■ Task to carry out
Retype all of the data word for word, without pictures.

■ Data
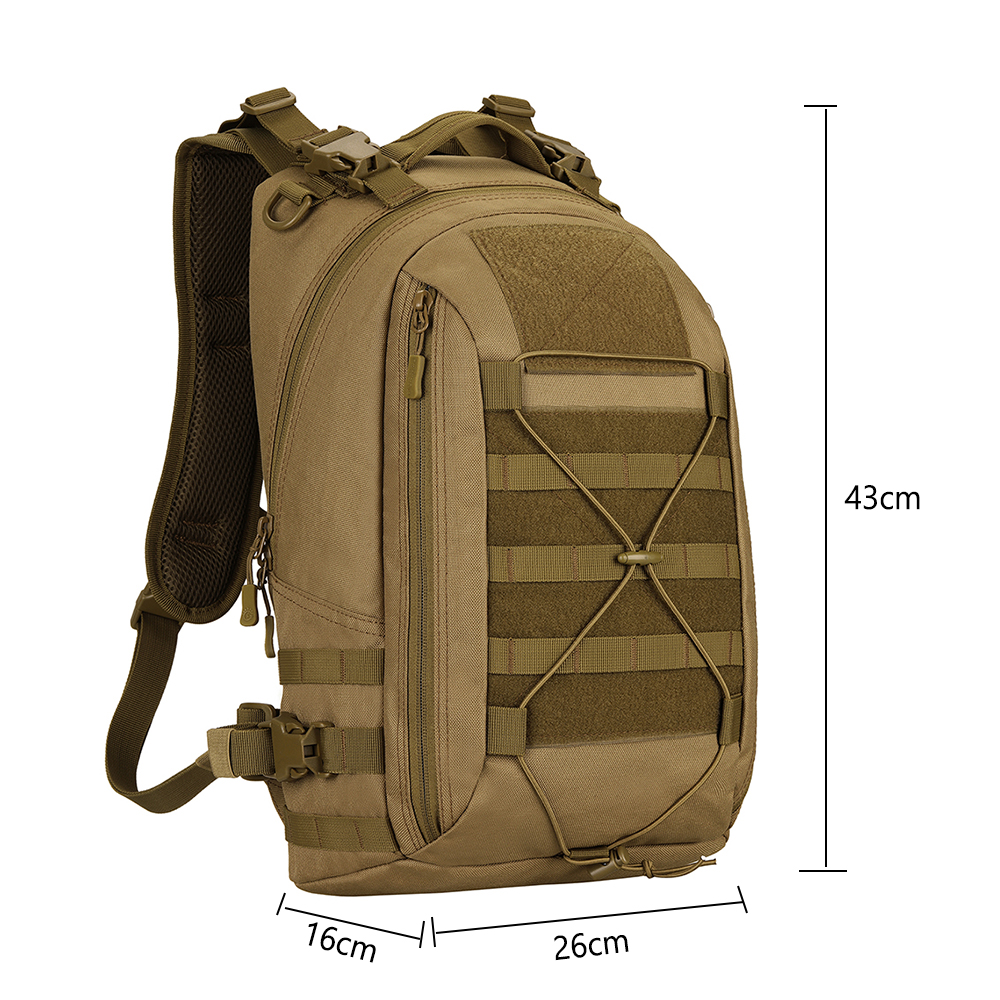 PROTECTOR PLUS 25L Men Tactica - đánh giá và giá Rucksack Military Style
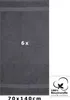 Betz 6 Stück Duschtücher 70x140 cm PALERMO 100% Baumwolle  Produktbild-Vorschau 2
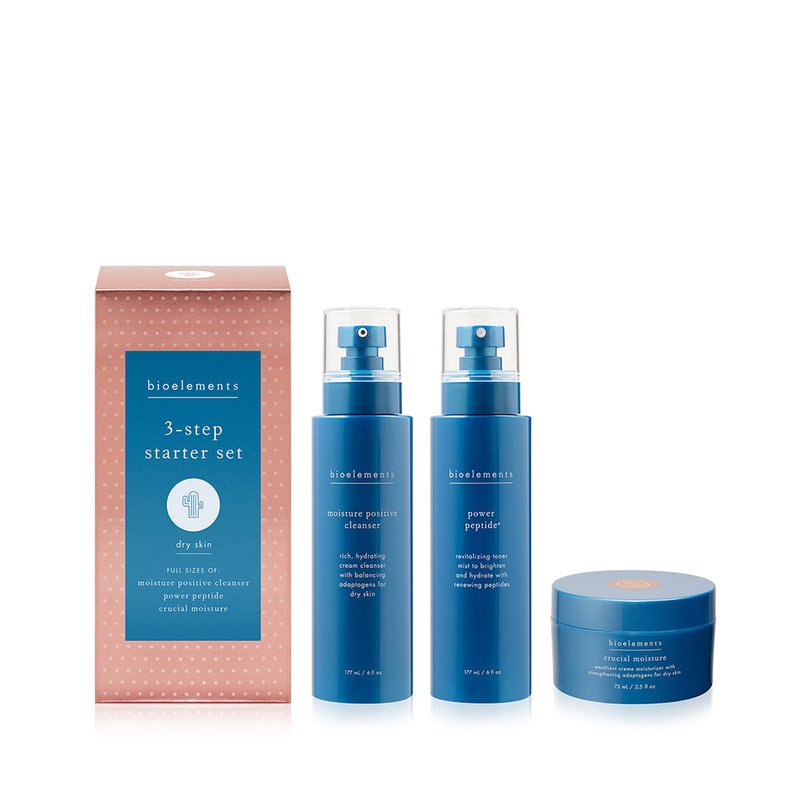 Bioelements 3-Step Starter Set - Dry Skin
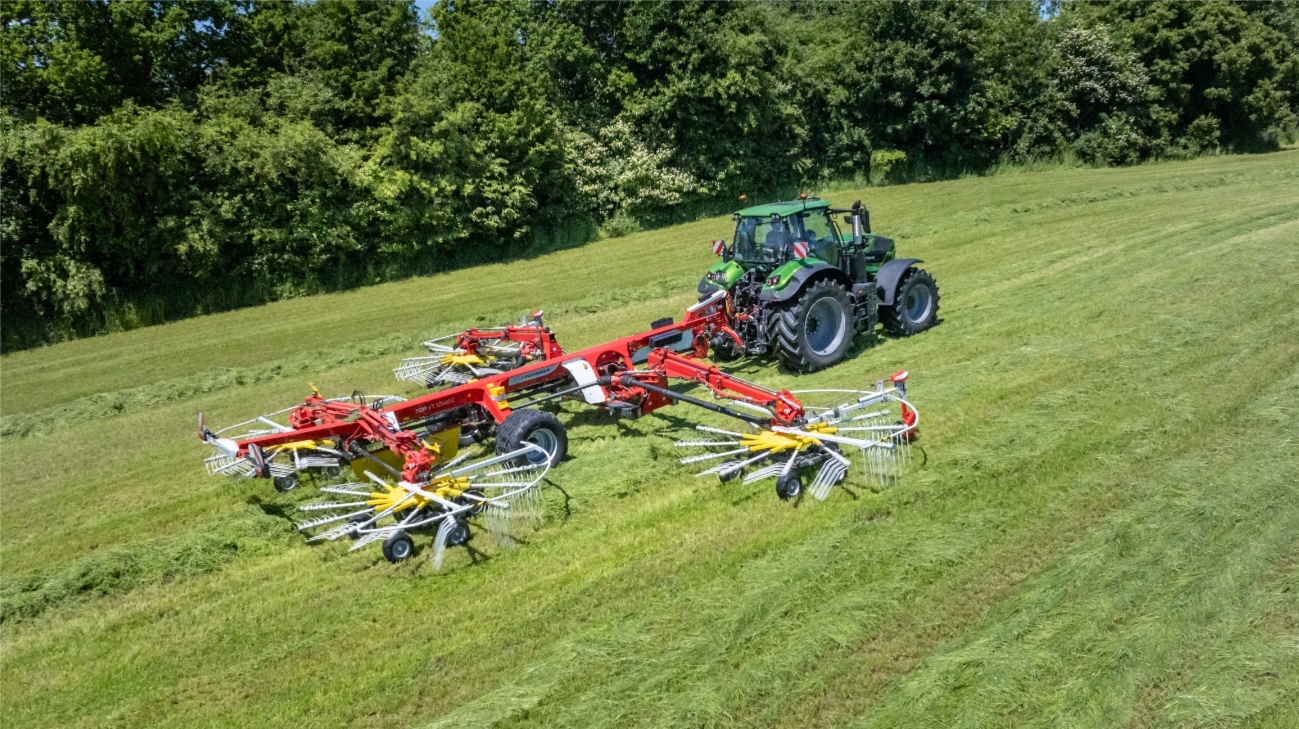 Andaineur 4 rotors TOP 12540 C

■ Task answer
 PROTECTOR PLUS 25L Men Tactica - đánh giá và giá Rucksack Military Style
 Betz 6 Stück Duschtücher 70x140 cm PALERMO 100% Baumwolle  Produktbild-Vorschau 2
 Bioelements 3-Step Starter Set - Dry Skin
 Andaineur 4 rotors TOP 12540 C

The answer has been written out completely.